EXTRACTED ENTRIES:
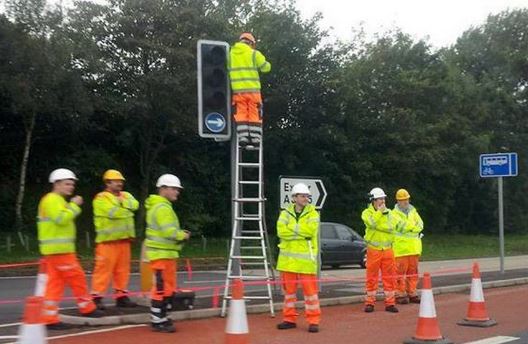 Οι Βρετανοί αποκτούν ελληνικές… συνήθειες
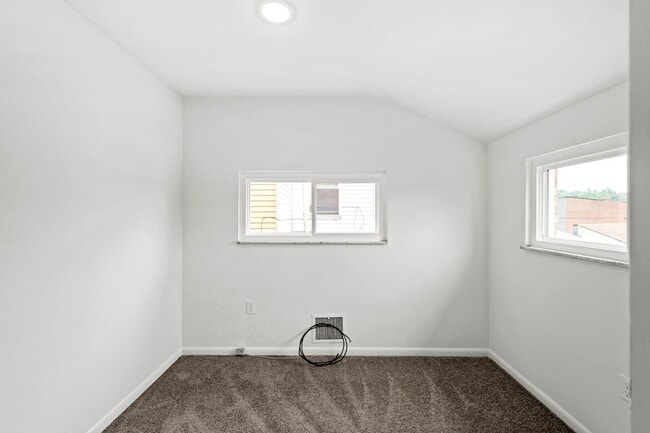 Building Photo - AVAILABLE JULY 1ST! Don't miss this RENOVATED 3-BEDROOM!!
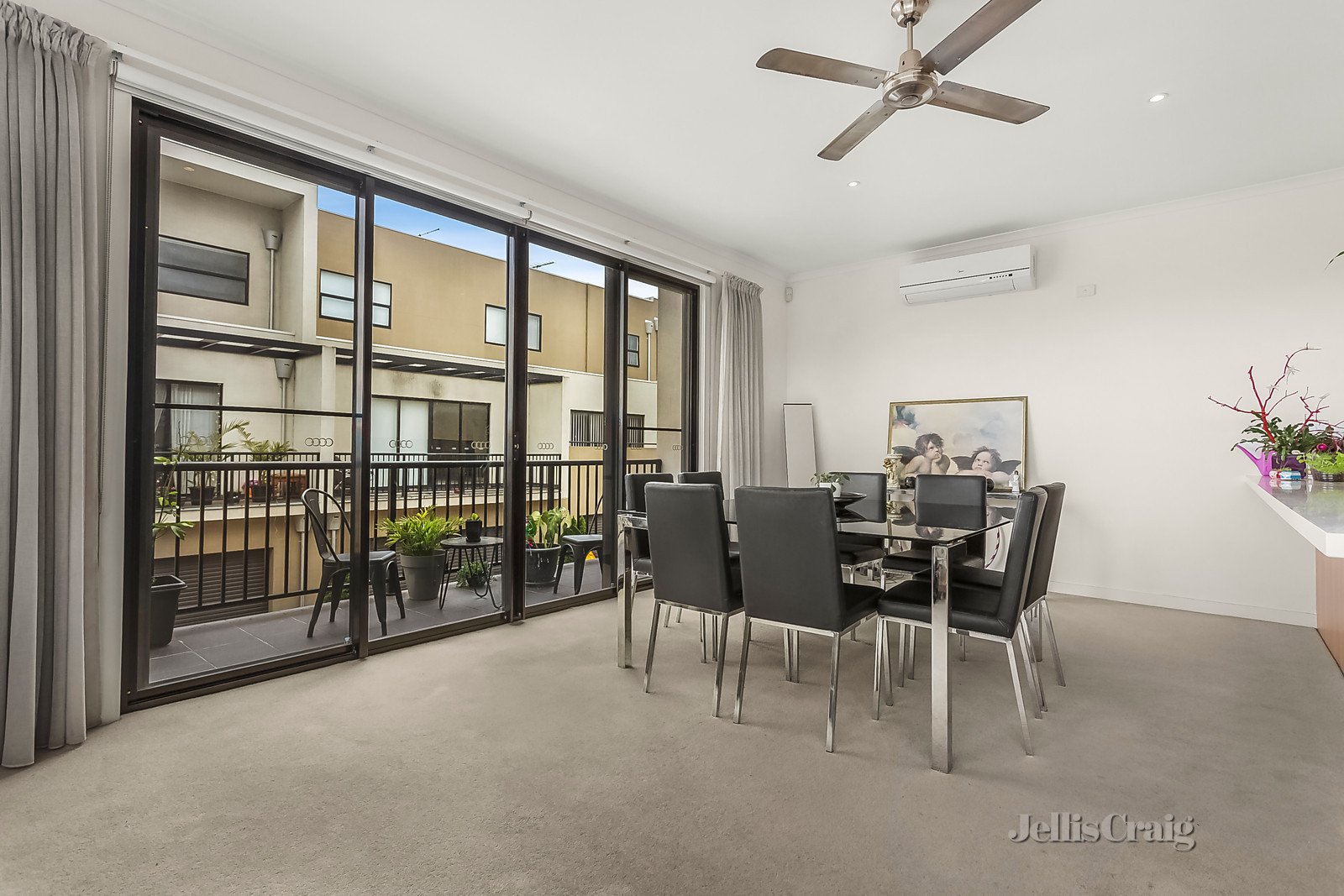 18 Newman Drive, Footscray image 2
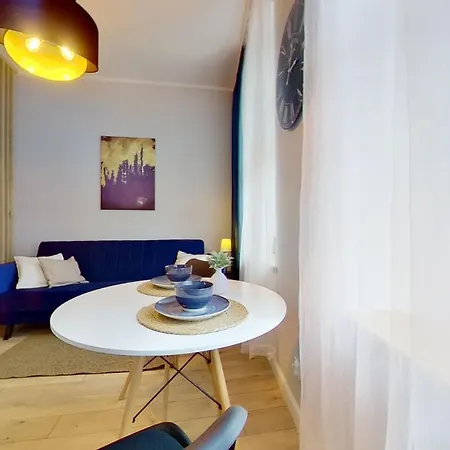 Uroczy Apartament Leczycka 7/2a Appartement *
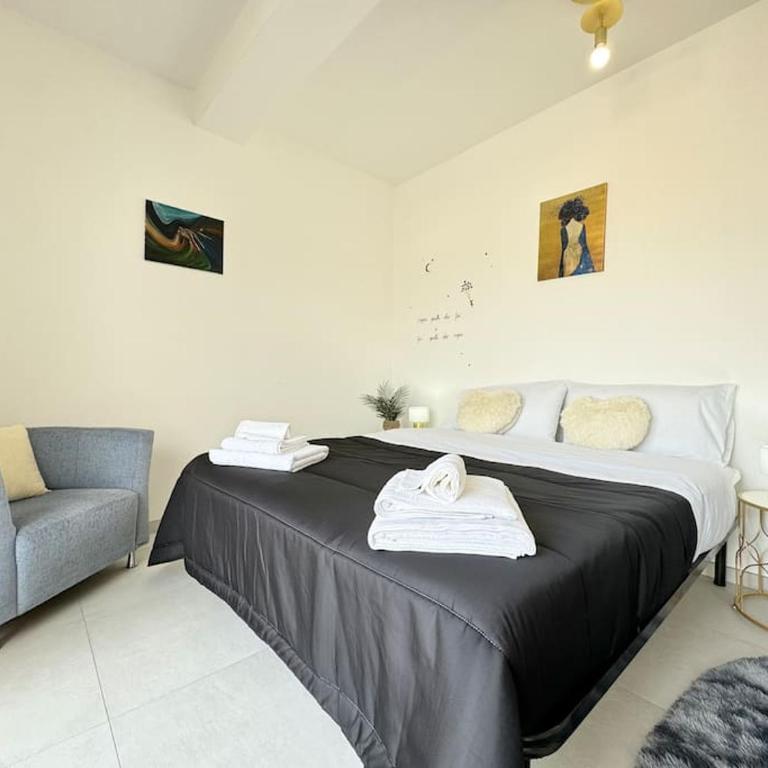Attico Magnificent [Wi-Fi/Free Parking] - Three-Bedroom Apartment - 19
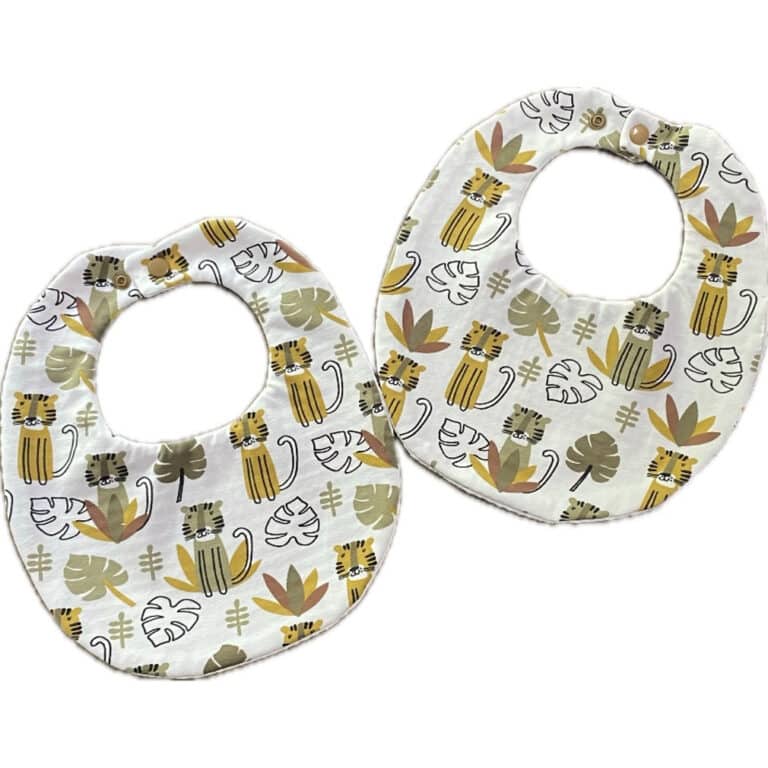 2 bavoirs safari et 6 lingettes assorties Ref: 260824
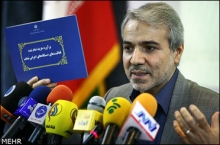 ایشان در یکی از مصاحبه‌هایشان –که راجع به برنامه ششم داشتند- فرموده‌اند(نقل به مضمون می‌کنم): ما 10 برنامه نوشته شده در ایران را بررسی و آسیب‌شناسی کرده و عیب‌هایش را گرفته‌ایم. و این 10 برنامه توسعه حتی ایران را به مرز توسعه‌یافتگی نرسانده است؛ یعنی ایشان به صراحت اعتراف کرده‌اند که هر 10 برنامه توسعه –که در ایران نوشته شده- ناکارآمد بوده‌اند.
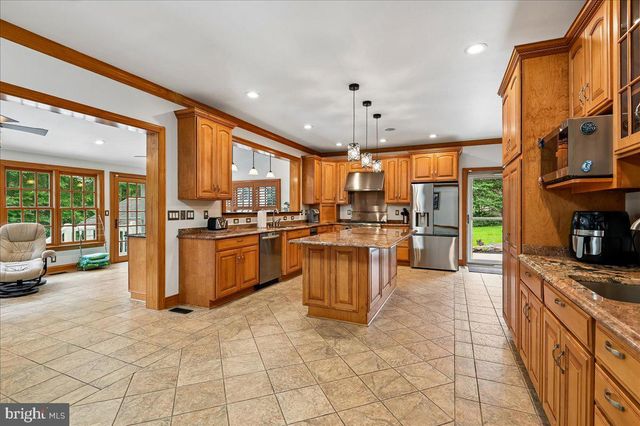 11 WALTERS WAY, Pasadena, MD 21122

THE TASK: Starting at the first line of the records above, set down each line exactly through the one that holds "2 bavoirs safari". Omit pictures.

RESULT FOR THIS EXERCISE:
 Οι Βρετανοί αποκτούν ελληνικές… συνήθειες
 Building Photo - AVAILABLE JULY 1ST! Don't miss this RENOVATED 3-BEDROOM!!
 18 Newman Drive, Footscray image 2
 Uroczy Apartament Leczycka 7/2a Appartement *
Attico Magnificent [Wi-Fi/Free Parking] - Three-Bedroom Apartment - 19
 2 bavoirs safari et 6 lingettes assorties Ref: 260824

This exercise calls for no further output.